Saved data entries:
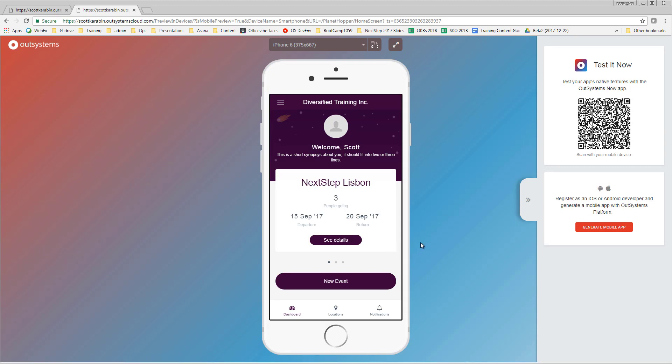This has allowed us to create the dashboard screen to get things going. Next we need to work on the selecting planets screen and creating all of the data to be able to do that. Join me in the next session where we'll start focusing on the planets, their screens, and their data. We'll see you in the next video.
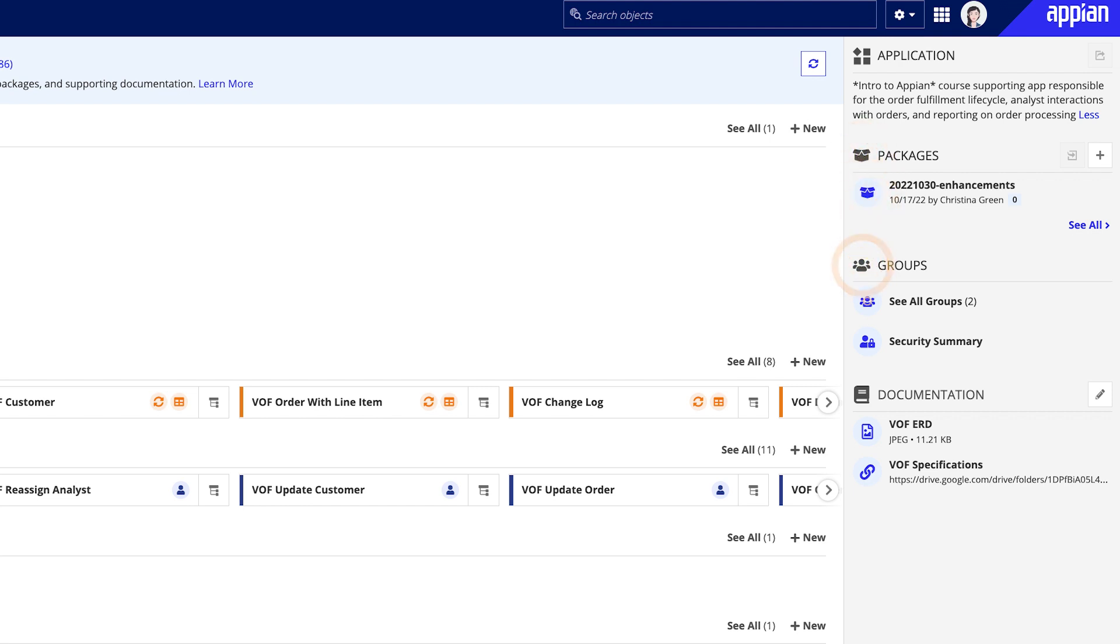Under Groups, you can view and manage users' groups' memberships, or review and update object security in bulk using the Security Summary.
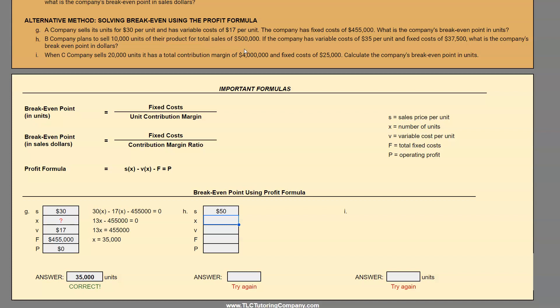Now we need to be very careful: the company plans to sell 10,000 units, not that they need to sell 10,000 units to breakeven. So that 10,000 was only given to us to find our sales price per unit — it is not our x. We still need to solve for x. Variable cost is $35 per unit, fixed cost is $37,500, and profit is zero because we are doing breakeven.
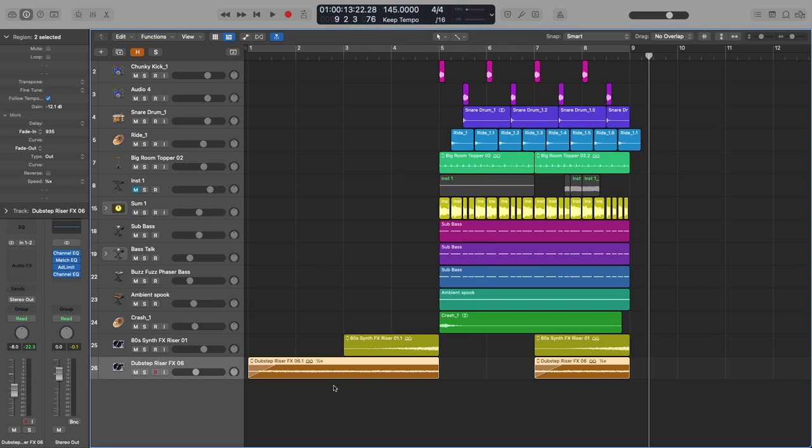Hey this is Timmy G back with another Logic Pro X tutorial. In this tutorial we're going to look at how to make heavy basses using smart controls in the EFM1 synth. Smart controls is going to allow us to automate multiple things at the same time which makes it really easy for us to manipulate our sound to get some really cool basses.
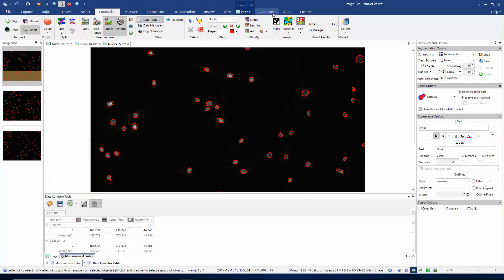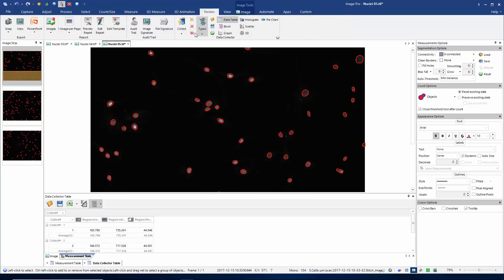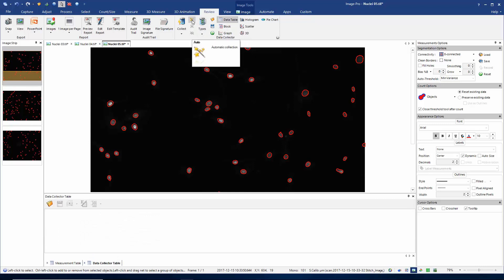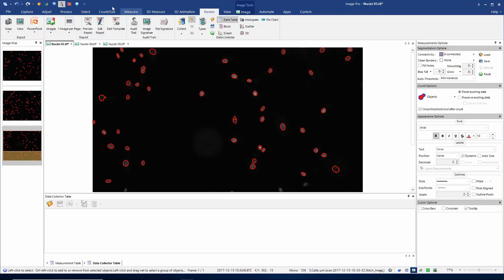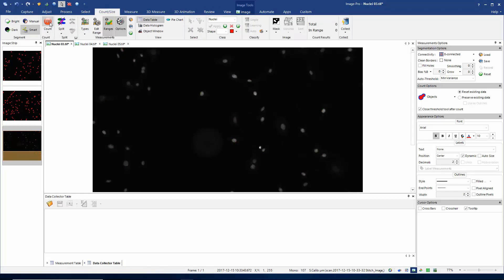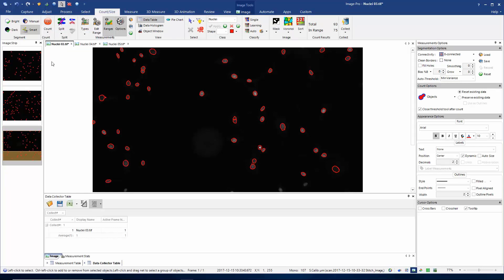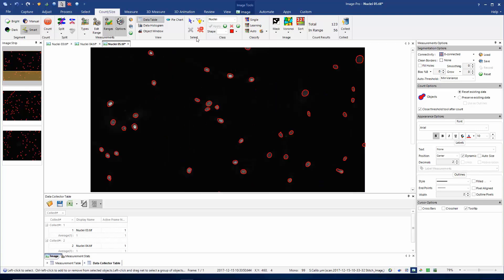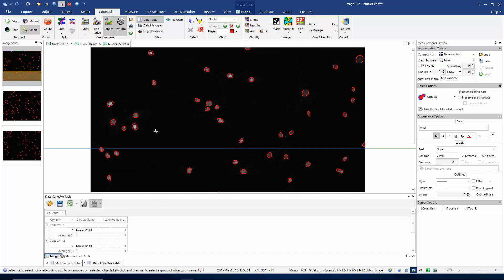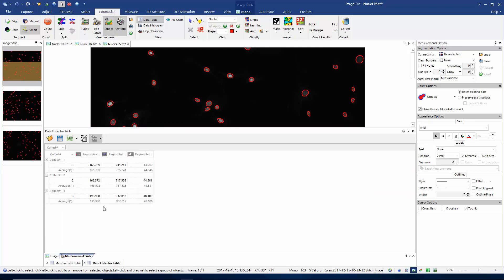There's one more thing I'd like to show you: how to use the automated option on the data collector. Let's return to the review tab, remove everything from the data collector, and switch on automatic collection. Now if I go back to my first image in the count size tab, I'll clear the objects and recount. You'll notice that without me having to select the collect button, I've made a collection in the data collector. Going to the second image, clearing measurements and recounting again makes an automated data collection. Finally on the third image I repeat my count, and I've now got three data collections and three sets of measurement statistics.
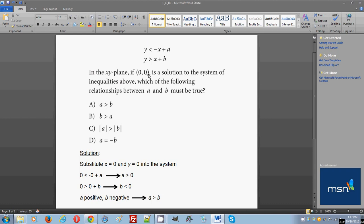In this case it's a system of inequalities, so you can substitute the values for x and y into the system.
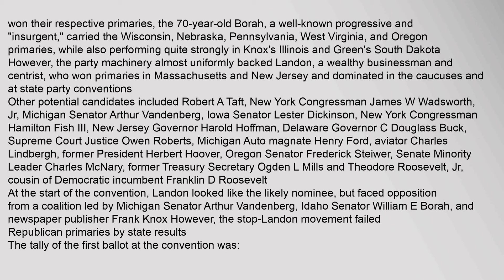At the start of the convention, Landon looked like the likely nominee, but faced opposition from a coalition led by Michigan Senator Arthur Vandenberg, Idaho Senator William E. Borah, and newspaper publisher Frank Knox. However, the Stop Landon Movement failed.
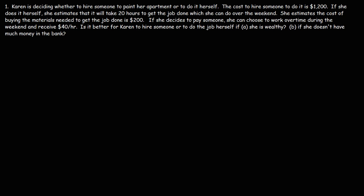If she decides to pay someone, she can choose to work overtime during the weekend and receive $40 an hour. So is it better for Karen to hire someone or to do the job herself — option A if she is wealthy, or option B if she doesn't have much money in the bank?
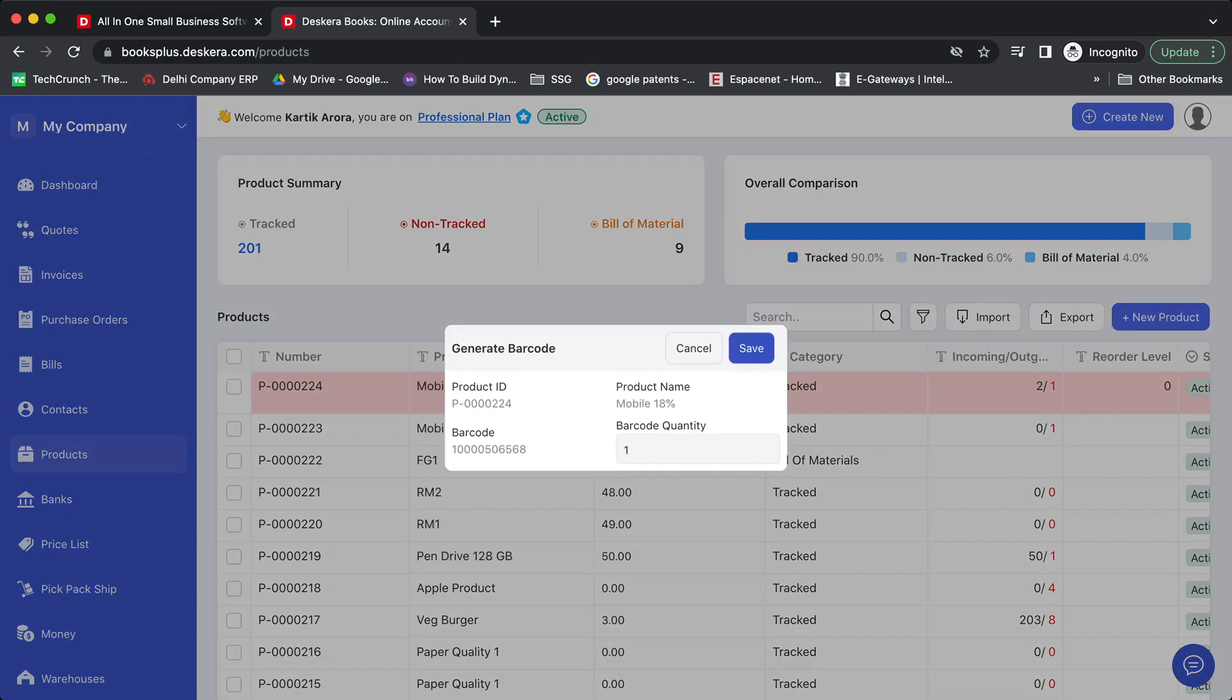You can define how many barcodes you want to print for this product. Let's click 10. Click on save.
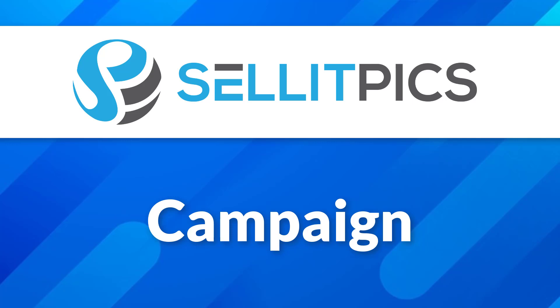Hello everyone! In this video, I'll show you your campaign section on CellitPix. Let's get started!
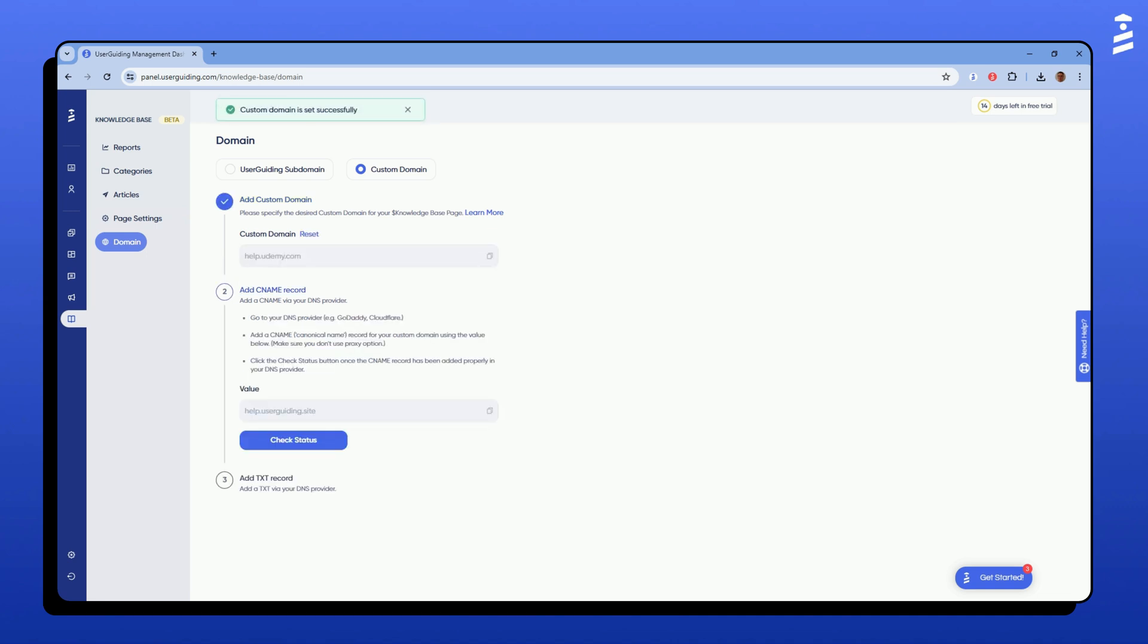Following the steps, you will be asked to add a CNAME and a TXT record with your DNS provider. After verifying these records in user guiding, your custom domain will be active.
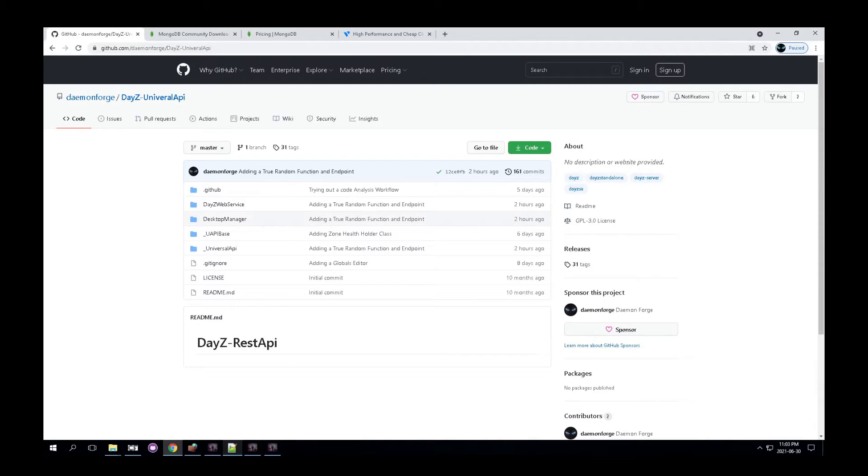Hello, my name is Damon Forge and I'm here to quickly show you how to set up and install the Universal API web service.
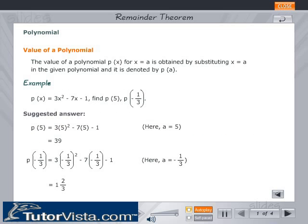Value of a polynomial: The value of a polynomial p(x) for x equal to a is obtained by substituting x equal to a in the given polynomial, and it is denoted by p(a). Example: p(x) = 3x squared minus 7x minus 1. Find p(5) and p(-1/3).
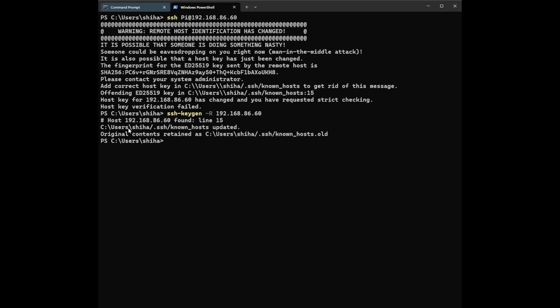You can see after we type that, it found line 15 was updated and the old key was retained. So what happened is it renamed the old key and created a new one.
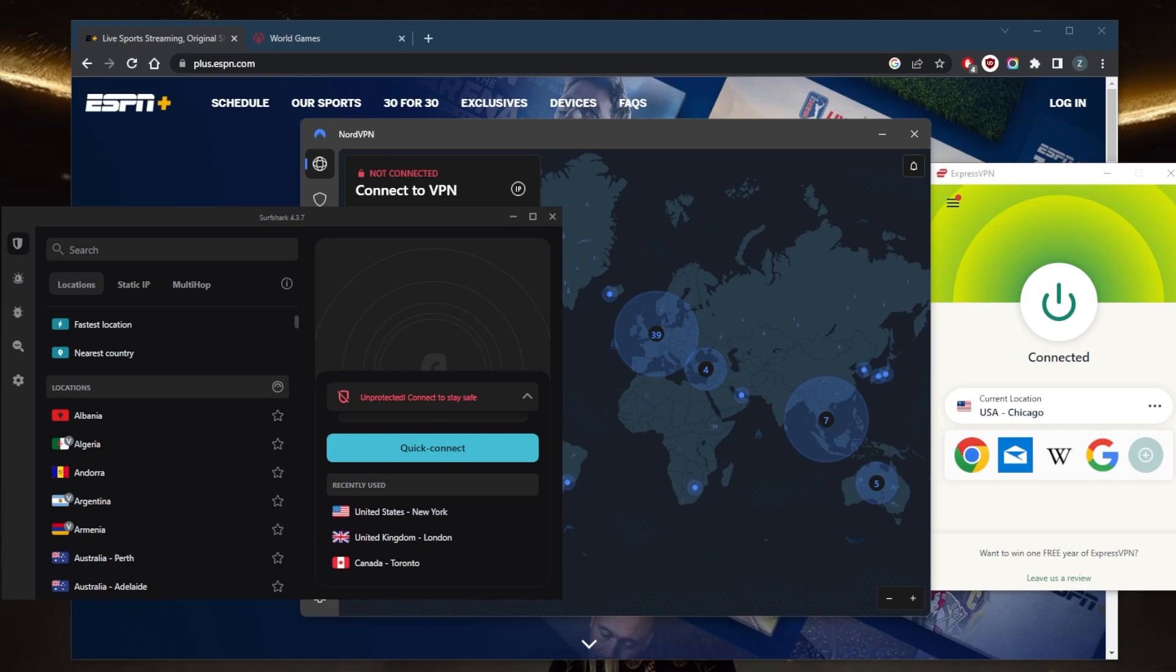So you can test drive these VPNs for 30 days risk free. Otherwise, you can simply get yourself the refund if you're not satisfied for whatever reason.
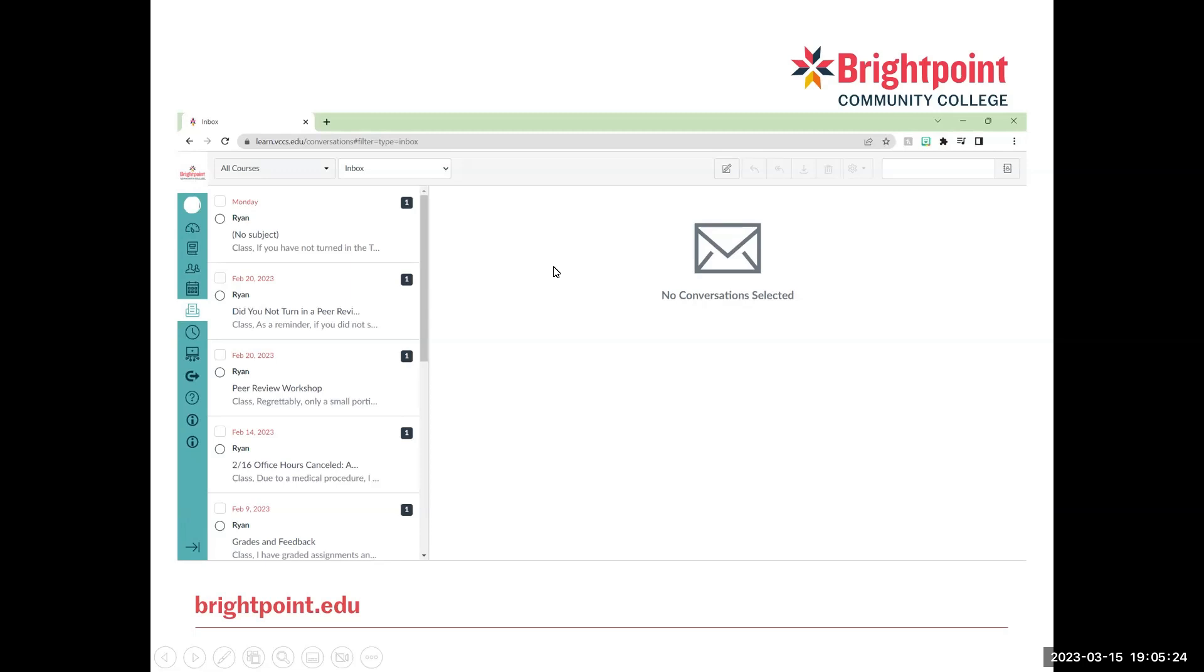So we will have a list of all of the Inboxes we have been sent, as well as a section over here which is where your conversations will appear once you select one.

** Task details **
Take the entries above and copy exactly the lines starting at the one with "Now we need" and ending at the one with "At the start"; nothing outside that span, and no pictures.

** Solution to this task **
Now we need to be very careful: the company plans to sell 10,000 units, not that they need to sell 10,000 units to breakeven. So that 10,000 was only given to us to find our sales price per unit — it is not our x. We still need to solve for x. Variable cost is $35 per unit, fixed cost is $37,500, and profit is zero because we are doing breakeven.
Hey this is Timmy G back with another Logic Pro X tutorial. In this tutorial we're going to look at how to make heavy basses using smart controls in the EFM1 synth. Smart controls is going to allow us to automate multiple things at the same time which makes it really easy for us to manipulate our sound to get some really cool basses.
There's one more thing I'd like to show you: how to use the automated option on the data collector. Let's return to the review tab, remove everything from the data collector, and switch on automatic collection. Now if I go back to my first image in the count size tab, I'll clear the objects and recount. You'll notice that without me having to select the collect button, I've made a collection in the data collector. Going to the second image, clearing measurements and recounting again makes an automated data collection. Finally on the third image I repeat my count, and I've now got three data collections and three sets of measurement statistics.
In this case it's a system of inequalities, so you can substitute the values for x and y into the system.
At the start of the convention, Landon looked like the likely nominee, but faced opposition from a coalition led by Michigan Senator Arthur Vandenberg, Idaho Senator William E. Borah, and newspaper publisher Frank Knox. However, the Stop Landon Movement failed.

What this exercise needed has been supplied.